“Beauty is rarely soft or consolatory. Quite the contrary. Genuine beauty is always quite alarming.” – Donna Tartt, The Secret History
Michaelangelo’s “David” is arresting when viewed in person. It is far taller than one would expect, and the tall dome of the Galleria dell’Accademia di Firenze seems to extend that statue even further. The statue of Abraham Lincoln in the Lincoln Memorial is similarly startling. One time I visited some friends in DC and, after a late night on the town, decided to pay a visit to President Lincoln. It was some time after midnight and there were few people on the streets. I’ll never forget cresting the stairs and being confronted with Abraham’s massive visage. The Georgia Marble seemed to come alive in contrast to the darkness surrounding the building. I stood near the statue and found my place in the universe of the monument, a flickering star standing against the burning center of the room.
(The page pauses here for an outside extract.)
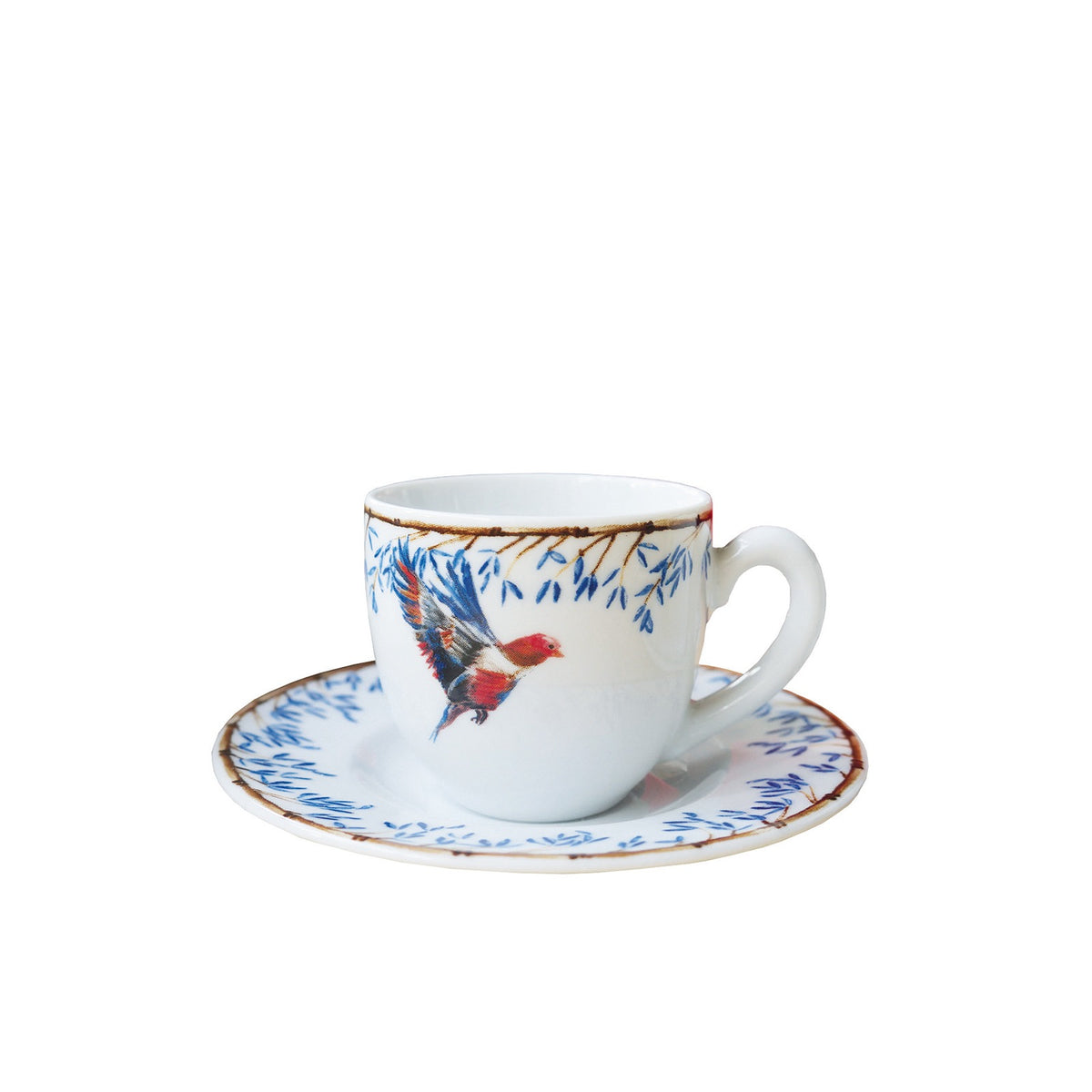 4x Catchii Espresso Bamboo & Singing Birds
I felt swallowed up by the sober, ominous glory of the statue. Mr. Lincoln both beautiful and terrifying.
When Isaiah receives his vision from the Lord, he writes: “I saw the Lord sitting upon a throne, high and lifted up; and the train of his robe filled the temple….And the foundations of the thresholds shook at the voice of him who called, and the house was filled with smoke.” In response to this, Isaiah pronounces condemnation upon himself, saying “Woe is me! For I am lost…” Rather than destroy Isaiah, however, a seraphim touches his lips with a burning coal and tells him “…your guilt is taken away, and your sin atoned for.” In God’s presence, Isaiah came in contact with the terrifying, overwhelming reality of His Lord. However, in the midst of this holy terror, Isaiah experienced the beauty of God’s forgiveness and mercy.
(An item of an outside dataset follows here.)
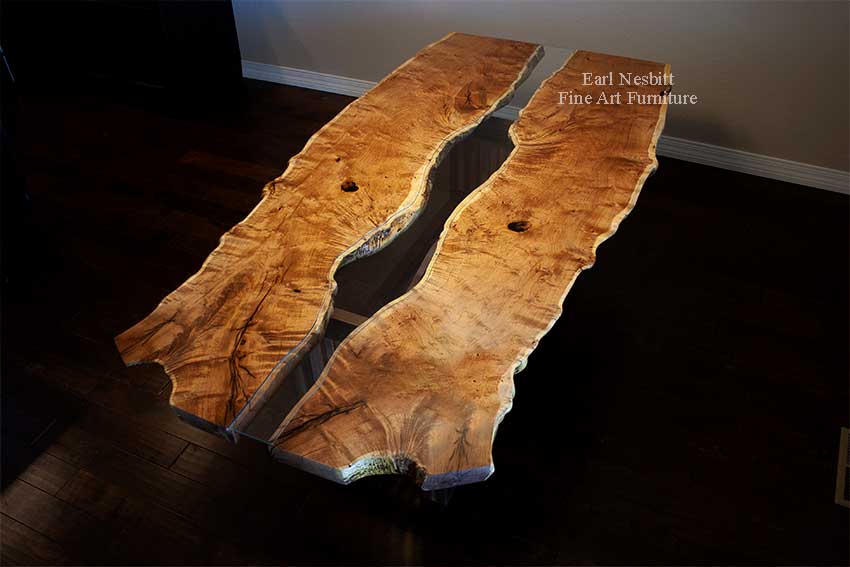 mesquite slab from above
Christian faith depends upon a correct understanding of cosmic proportion and scale. It thrives in the Christian who, along with John the Baptist, says “He must increase, but I must decrease.” In this, the Christian ascents that sin causes a fundamental disorientation in which Man is seen on the throne and God viewed in relation to him. On the converse, Christian faith languishes when life is lived, as Saint Augustine and Martin Luther described it, “incurvatus in se” (curved inward upon itself). When one’s life is constantly looking inward, God is relegated to a secondary role, a supporting cast member to the drama of one’s own life.
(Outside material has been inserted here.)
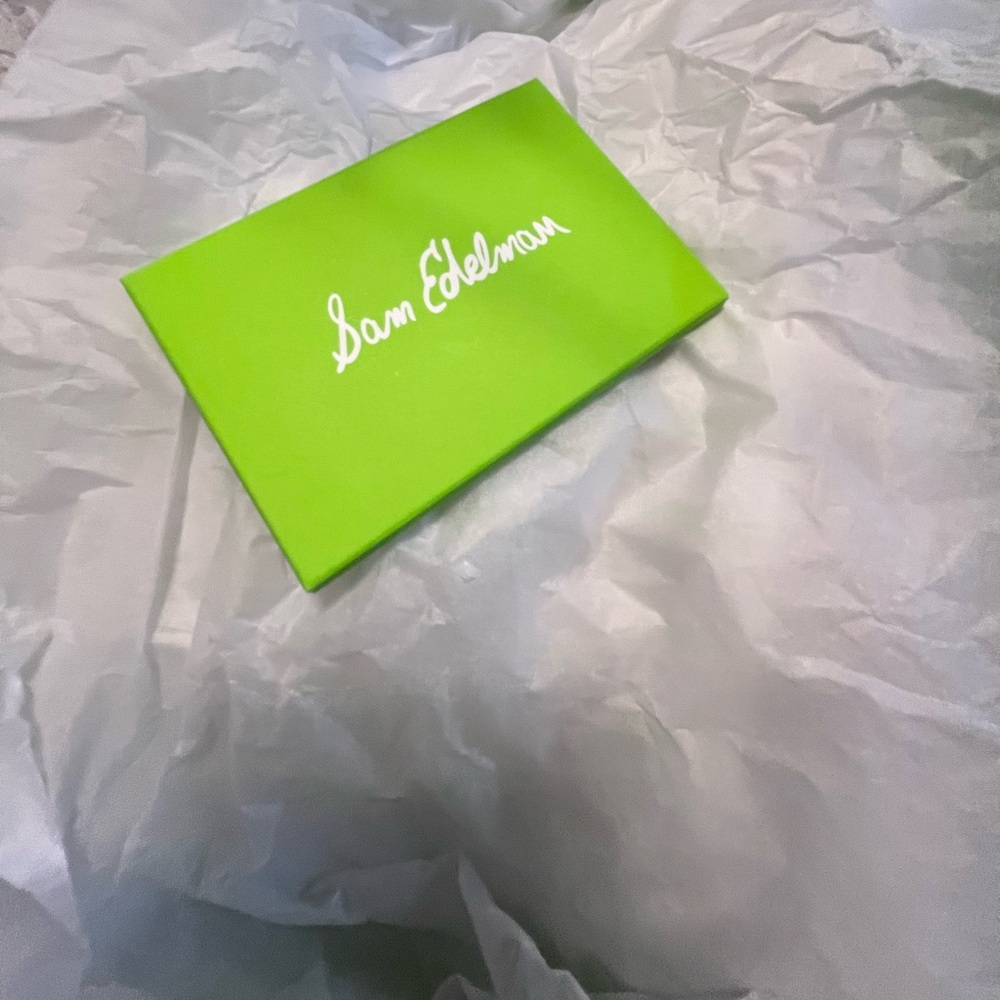 NWT Sam Edelman Women's Yuki Platform Wedge Sandal Golden Caramel - Picture 12 of 15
This Sunday, we see that the Christian life is one that is yielded to Jesus. Rather than chasing after the desires created by inward living, through the power of the Holy Spirit we submit our lives to the reign of Christ. Because of His work on our behalf, we will be able to stand before the overwhelming presence of the Father and, like, Isaiah, experience grace and beauty.
Scripture: Luke 19:28-46
Sermon: “Yielding to Jesus”
THE SACRAMENT OF BAPTISM
“It is important that we should not narrow the symbolism of baptism. Baptism does not symbolize any section or part of salvation, but the whole of salvation. Baptism and the Lord’s Supper, for instance, do not divide the field between them, each symbolizing one element in the broad process of salvation or one exercise in the complex enjoyment of salvation. They are two ways of symbolizing salvation as a whole. Salvation is cleansing, salvation is ransoming. Baptism represents it from the one point of view, the Lord’s Supper from the other. Whichever sign and seal we are thinking of, it marks us out as sharers in all the benefits of Christ’s redemption and pledges them to us. Baptism therefore symbolizes not merely the cleansing of our sins but our consequent walk in new obedience. This, let us never forget, is not only symbolized for us but sealed to us, for baptism is given to us by God as an engagement on his part to bring us safely through to the end. In receiving it, we receive upon our persons the seal of his covenant promise.”